Quality Assurance Associate - Multiple Shifts

The Quality Assurance (QA) Associate works closely with the QA Manager to ensure compliance with regulatory standards, industry requirements, and internal SOPs. This role is instrumental in cultivating a strong quality culture across the organization, emphasizing efficiency, precision, and timely deliverables.

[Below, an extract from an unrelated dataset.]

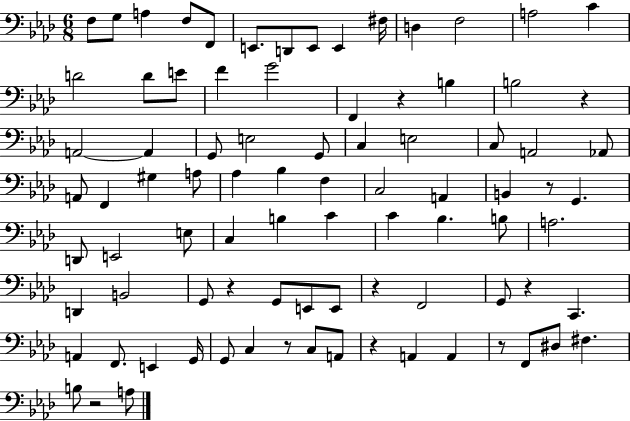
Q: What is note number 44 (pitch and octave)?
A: D2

The QA Associate will identify and address operational and quality issues while maintaining a proactive approach to quality management.

Key Responsibilities

• Act as a QA representative on the production floor to ensure processes meet quality standards.
• Review and approve records such as batch documentation, logbooks, work orders, and procedures.
• Partner with manufacturing teams to lead or assist in resolving equipment and process deviations.
• Aid in batch record reviews, material release, and other quality-related functions.
• Balance production schedules with quality assurance requirements to meet deadlines without compromising quality.
• Evaluate deviations, recommend corrective actions, and escalate critical issues to management when necessary.
• Contribute to investigations using root cause analysis, report findings, and develop mitigation strategies with risk assessment tools.
• Advocate for safety and compliance, encouraging adherence to established SOPs, quality guidelines, and organizational goals.
• Utilize electronic and manual systems (e.g., quality management software, monitoring systems, laboratory tools) to maintain data accuracy and compliance.
• Analyze deviations and identify opportunities to enhance operational consistency and reduce variability.
• Manage multiple projects effectively in a fast-paced work environment.

Requirements

• Bachelor’s degree in a scientific discipline (e.g., Biology, Chemistry, Biochemistry, Microbiology) or equivalent work experience required.
• Experience:
  • At least 2 years in a GMP-compliant manufacturing environment, either in QA or production roles.
  • Familiarity with quality systems, including deviation management, non-conformance handling, and CAPA processes.
  • Strong understanding of Good Documentation Practices (GDP).
• Skills:
  • Excellent communication skills, both written and verbal.
  • Proficiency with operational tools and data analysis software (e.g., Word, Excel, statistical tools).
  • Effective interpersonal skills with the ability to work collaboratively and influence positive outcomes.
  • Highly organized with strong self-management abilities.

Preferred Qualifications

• Hands-on experience with sterile or aseptic manufacturing environments.
• Knowledge of Continuous Improvement methodologies, such as Lean principles or Six Sigma.